2015.10.20

DIPLOMATICOSからアジア限定シガーが発売

Diplomaticos Bushido Regional Edition 2014

1本5000円(1箱25本入り12万5000円)(LA CASA DEL HABANO by CIGAR CLUB)

キューバ人が最も尊敬する日本人を武士道という名のシガーで知る

今から約400年前。日本人として初めてキューバに上陸した人物がおりました。その名を支倉常長といいます。常長は伊達政宗公の家臣として慶長遣欧使節団を率いてヨーロッパまで渡航。エスパーニャ国王フェリペ3世やローマ教皇パウルス5世に謁見した人物としてもよく知られています。彼はメキシコ経由でヨーロッパを往復したのですが、その途中でキューバにも上陸をします。記録によると常長の一行がハバナに到着したのは、1614年7月23日。約2週間キューバで過ごしたそうです。常長の名はキューバでも有名で、ハバナには彼の銅像もあります。日本とキューバは友好な関係が続いていますが、それも常長の功績のお陰でしょう。
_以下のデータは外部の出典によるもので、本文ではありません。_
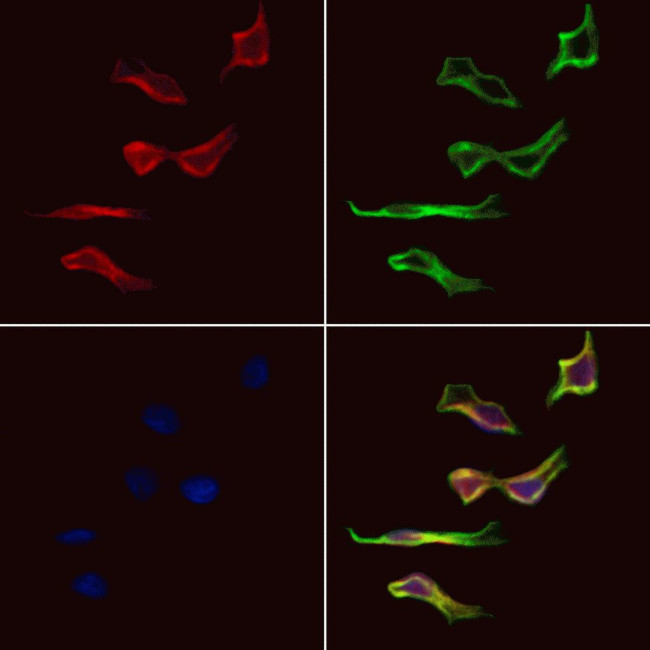 KBTBD3 Antibody in Immunocytochemistry (ICC/IF)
これはあくまで個人的な推測ですが、常長はハバナで日本人として初めてキューバ・シガーを味わったに違いない。まさに元祖シガーオヤジ。いま私たちがキューバ・シガーを楽しめるのも、彼のお陰かもしれません。そんな彼をリスペクトしたキューバのシガーが限定で発売されました。その名もなんと『 Bushido(武士道)』といいます。ブランド名のDI PLOMATICOSは、スペイン語で外交を意味しますが、こちらも遣欧使節団にかけたネーミングです。葉巻のシェイプは、最近巻かれることの少なくなった、少し長めのものだといいます。僕も試しましたが、味わいの変化が楽しめて余韻もとても高貴。常長の功績にもふさわしい内容に仕上がっています。初秋の今宵、たまには悠久の歴史を振り返りながら、常長の軌跡をイメージして一服するのも一興かと。

中村孝則●コラムニスト

世界各地を独特の視点で読み歩き、さまざまなメディアでラグジュアリーライフを提案。「世界ベストレストラン50」審査後も世界各地のレストランを訪れ、美食探求の日々を送る。